Perciò, ricapitolando, il botanico non sa una beneamatissima di giardinaggio, il giardiniere qualcosina di botanica dovrà pur saperla, ma la botanica non sarà il suo obbiettivo primario: la botanica studia i caratteri morfologici delle piante, non le loro necessità di coltura.
Quando invece tralasciamo, dandolo per scontato, l’elemento di conoscenze botaniche e orticolturali, e parliamo di “giardino“, o di “arte del giardino“, o di “arte di creare un giardino“, il discorso si poggia su un terreno meno saldo e più polimorfico, in quanto non più attinente alle discipline scientifiche, come l’orticoltura (o il giardinaggio come tecnica) e la botanica, ma a discipline filosofiche ed artistiche su cui ancora si dibatte (per fortuna).
Questa forma d’arte che io ho chiamato kepopoiesi, è la proiezione della funzione estetica sul giardino. Ha a che fare quindi con una prospettiva squisitamente artistica del valore “giardino” e non più tecnica, laddove la tecnica di coltura sia comunque data a livelli che possono variare dallo zero assoluto all’eccellenza insuperabile.

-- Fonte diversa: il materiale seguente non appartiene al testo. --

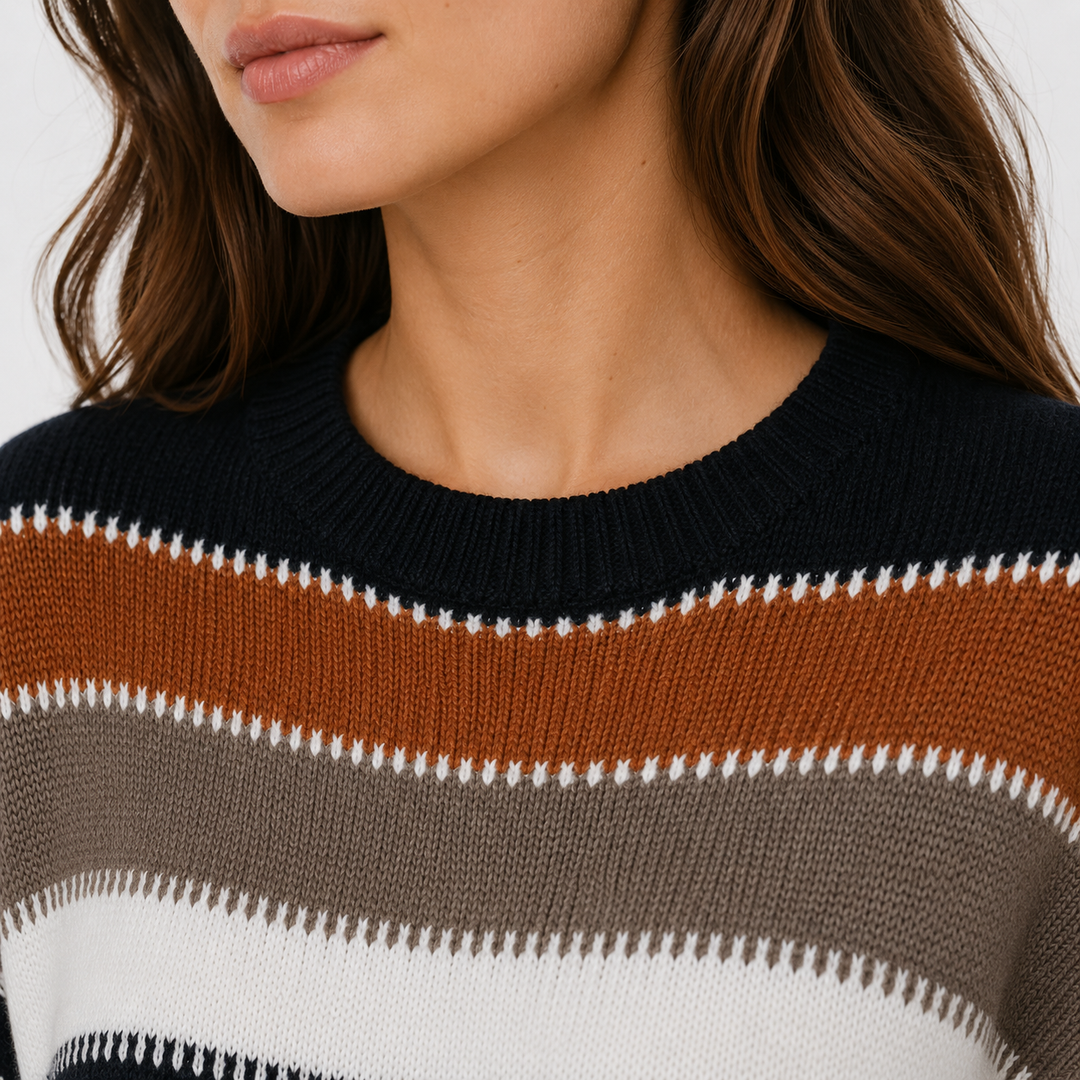 Pullover Damen Gestreift Rundhals Strick Casual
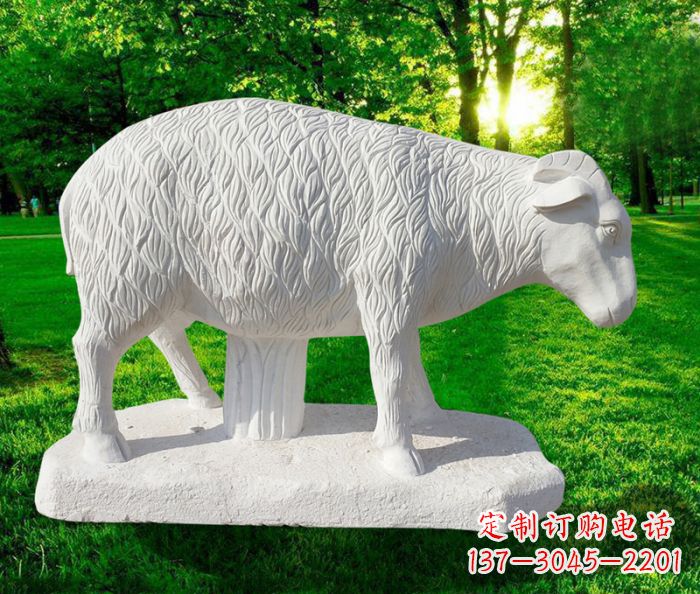 济南汉白玉山羊公园动物石雕 (3)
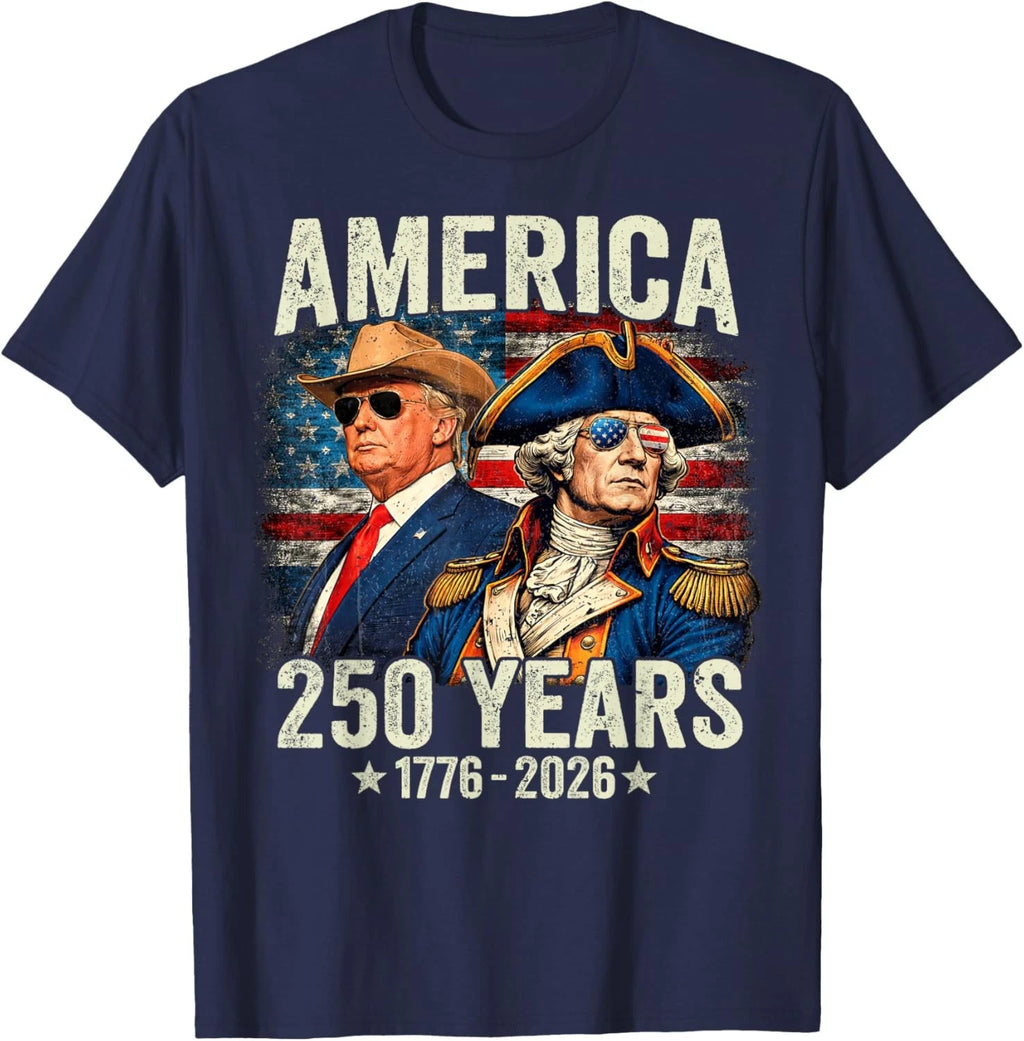 Funny 250 Years America Anniversary 250th Trump Washington Unisex T-Shirt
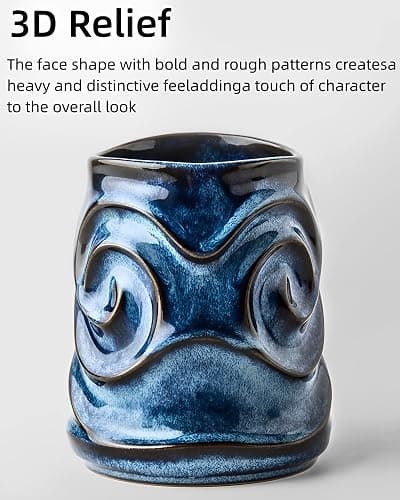 17oz Embossed Face Shape Large-Capacity Ceramic Coffee Mug - Unique Handmade Tea Cup for Office and Home - Microwave and Dishwasher Safe (Blue) thumbnail 4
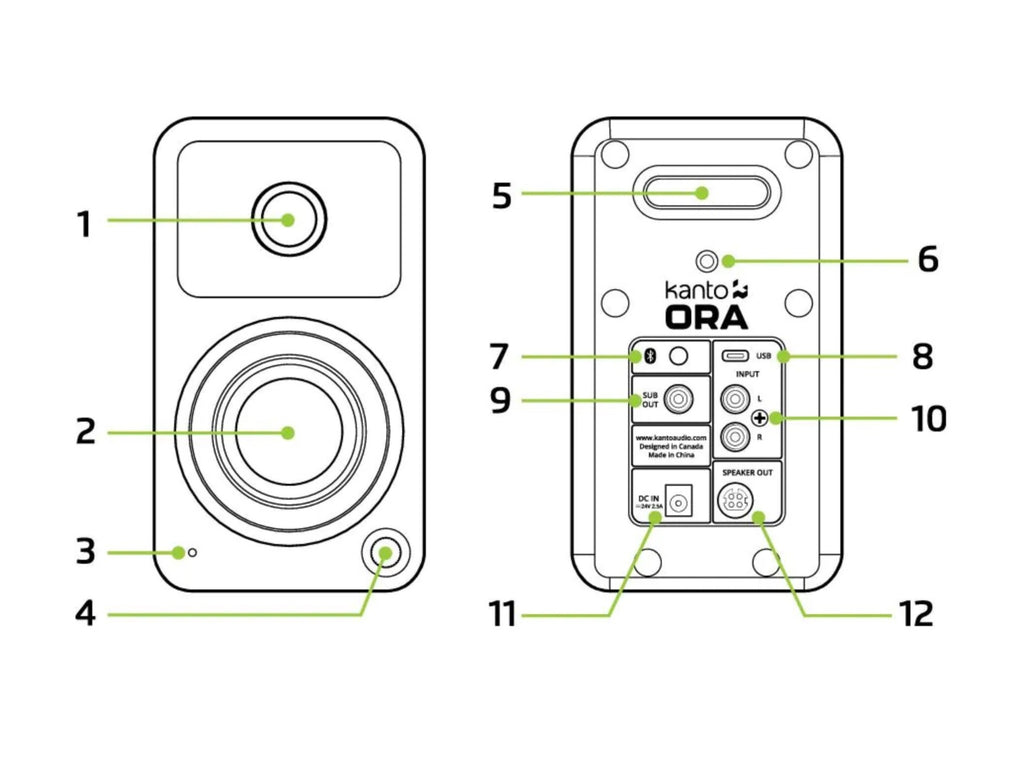 Kanto Ora Powered Reference Desktop Speakers - White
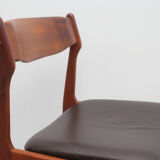 Set of 4 dining chairs 1960s teak/leather, Erik Buch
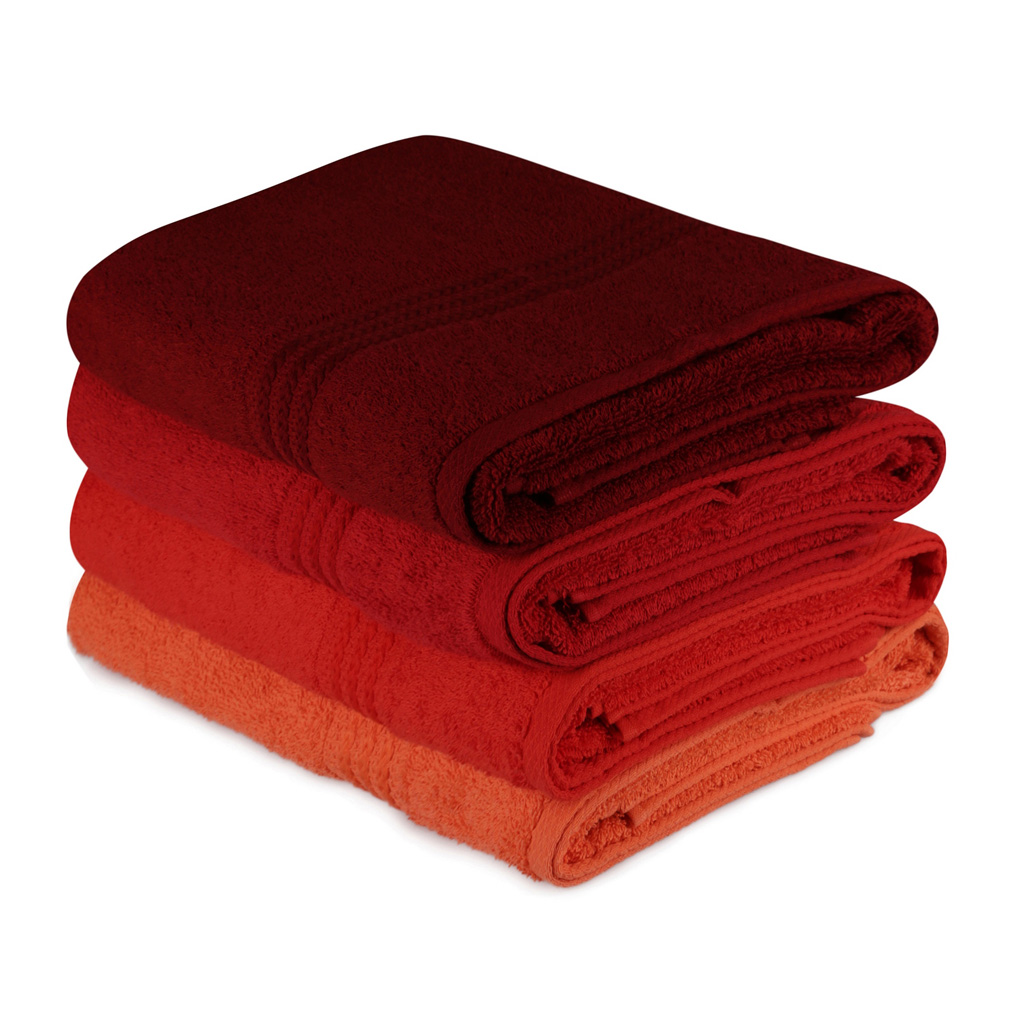 Bath towel set 4 pcs Rainbow Red 100% Cotton  70x140 cm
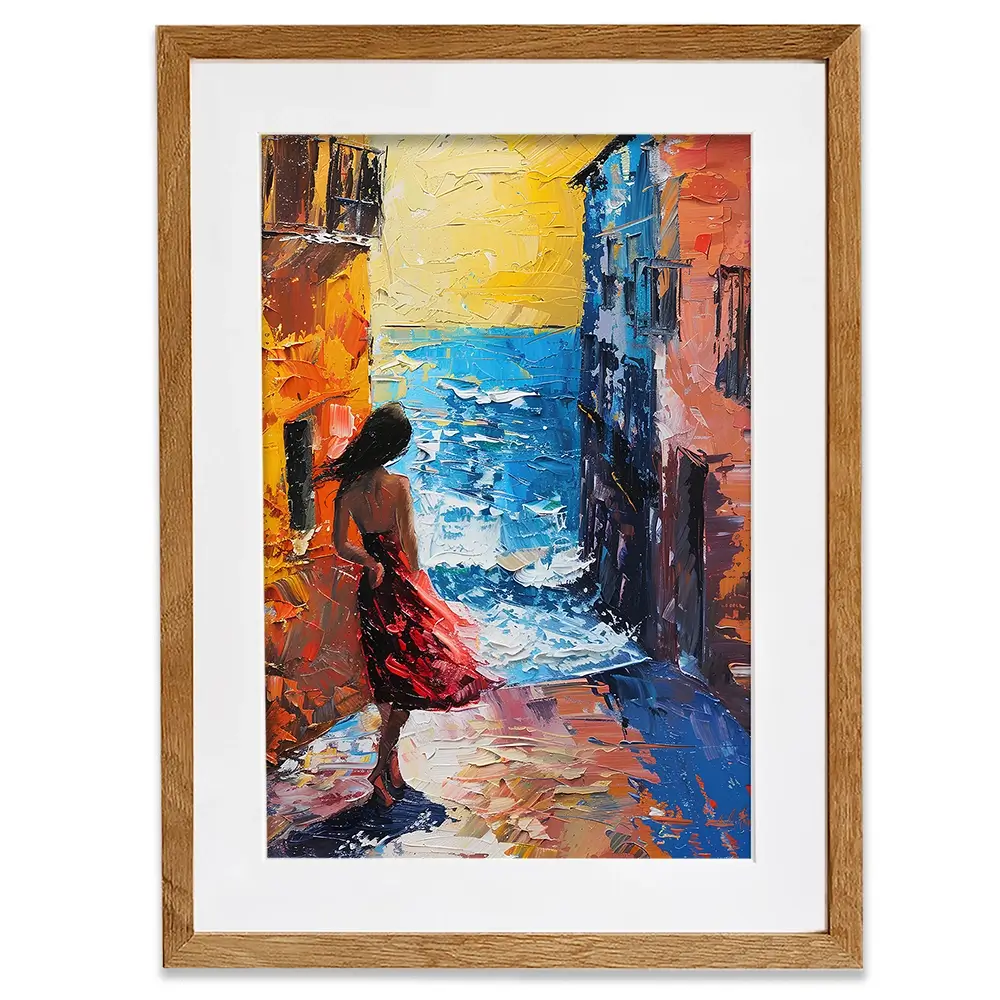 Woman Walking By The Sea Framed Art Print Woman Walking By The Sea Framed Art Print wall art product Elena Avanesova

Mi auguro che questa specificazione dei termini che più spesso vengono confusi tra loro possa essere proficua. Se devo essere sincera è un po’ triste trovarsi a scrivere queste cose, che dovrebbero essere conosciute e straconosciute da chi pratica il giardinaggio e si definisce giardiniere alla Russel Page. Insomma, a dirla tutta non è il post dei miei sogni questo, ma constatato che fosse necessario e doveroso scriverlo, l’ho scritto.